なお、郵送での請求は書類の到着までには数日から1週間程度の時間がかかる場合があるので、余裕を持って手続きすることをオススメします。
戸籍謄本で調べる際の注意点
戸籍謄本を使用して家系図を作成する際は、いくつかの注意点があるので解説します。
作業が大変
戸籍謄本の取得には時間と労力がかかります。必要な戸籍謄本が5〜10通にも及ぶことがあり、それらが届くまでに2ヶ月程度かかることもあります。
調査範囲を決めておく
家系調査をおこなう際は、どの時代や範囲まで調べるかを事前に決めておくことが重要です。先祖が多数登場するため、調査範囲が広がり過ぎると作業が困難になります。
本籍地の変更や市区町村の合併に注意
本籍地に関する記録は、市区町村の合併や行政区域の変更により変わることがあります。合併によって本籍地が消滅している場合や、住所の表記が変わっている場合もあるので注意が必要です。
戸籍謄本を取得できないこともある
2010年の戸籍法改正により、戸籍の保存期間が150年に設定されましたが、それ以前は80年とされていたため、1930年(昭和5年)以前に除籍となった戸籍は廃棄されている可能性があります。
保存期間が過ぎた戸籍も一部自治体で残されていることがありますが、取得が不可能なケースもあるため、事前に自治体に確認することをオススメします。
家系図の調べ方についてのまとめ
家系図の調べ方には主に3つの方法が存在します。中でも一般的なのは戸籍謄本を使って調べる方法であり、葬儀で使用する親族名簿を作成するのが目的であれば、その方法で十分です。

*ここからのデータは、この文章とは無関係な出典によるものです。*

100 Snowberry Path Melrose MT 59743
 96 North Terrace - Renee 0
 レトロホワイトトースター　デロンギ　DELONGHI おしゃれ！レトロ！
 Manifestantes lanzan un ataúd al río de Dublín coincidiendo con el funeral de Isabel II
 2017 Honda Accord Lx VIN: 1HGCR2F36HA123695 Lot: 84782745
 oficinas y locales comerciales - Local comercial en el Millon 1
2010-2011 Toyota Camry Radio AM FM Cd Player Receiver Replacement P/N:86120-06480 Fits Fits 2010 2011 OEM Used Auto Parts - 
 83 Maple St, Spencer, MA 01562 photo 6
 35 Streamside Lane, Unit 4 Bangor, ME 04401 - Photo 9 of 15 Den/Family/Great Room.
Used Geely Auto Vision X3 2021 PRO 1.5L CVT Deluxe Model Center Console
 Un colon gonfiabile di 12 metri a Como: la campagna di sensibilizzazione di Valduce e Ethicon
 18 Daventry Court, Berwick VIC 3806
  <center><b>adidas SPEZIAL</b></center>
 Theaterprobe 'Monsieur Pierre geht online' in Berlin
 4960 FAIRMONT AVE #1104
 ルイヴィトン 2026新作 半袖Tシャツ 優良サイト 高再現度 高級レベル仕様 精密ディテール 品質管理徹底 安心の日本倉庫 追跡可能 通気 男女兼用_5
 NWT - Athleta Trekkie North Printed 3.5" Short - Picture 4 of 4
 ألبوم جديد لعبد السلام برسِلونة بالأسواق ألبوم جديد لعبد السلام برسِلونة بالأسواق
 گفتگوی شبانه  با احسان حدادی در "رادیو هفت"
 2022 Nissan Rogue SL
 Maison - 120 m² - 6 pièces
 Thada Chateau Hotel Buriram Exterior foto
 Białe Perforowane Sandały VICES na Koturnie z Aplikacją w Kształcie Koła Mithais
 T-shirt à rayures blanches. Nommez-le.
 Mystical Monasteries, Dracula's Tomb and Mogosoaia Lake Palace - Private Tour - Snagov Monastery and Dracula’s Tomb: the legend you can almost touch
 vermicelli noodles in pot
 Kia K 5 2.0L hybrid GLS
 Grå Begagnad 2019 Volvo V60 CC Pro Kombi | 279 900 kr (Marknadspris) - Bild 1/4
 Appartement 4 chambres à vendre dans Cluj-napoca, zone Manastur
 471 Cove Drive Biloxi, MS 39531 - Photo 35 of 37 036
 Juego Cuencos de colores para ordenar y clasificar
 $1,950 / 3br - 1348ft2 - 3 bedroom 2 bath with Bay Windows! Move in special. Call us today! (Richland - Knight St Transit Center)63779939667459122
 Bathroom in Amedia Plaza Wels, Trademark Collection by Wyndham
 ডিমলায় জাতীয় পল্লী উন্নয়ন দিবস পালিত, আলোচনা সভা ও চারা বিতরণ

葬儀の準備は迅速に進める必要があります。亡くなる前に親族名簿の準備をするのは不謹慎と感じる方もいるかもしれませんが、必要になってから急いで対応するのは中々難しいでしょう。
親族が多く、正確な親族の情報を把握していない場合は、早めに家系図を調べ、親族名簿を作成することをオススメします。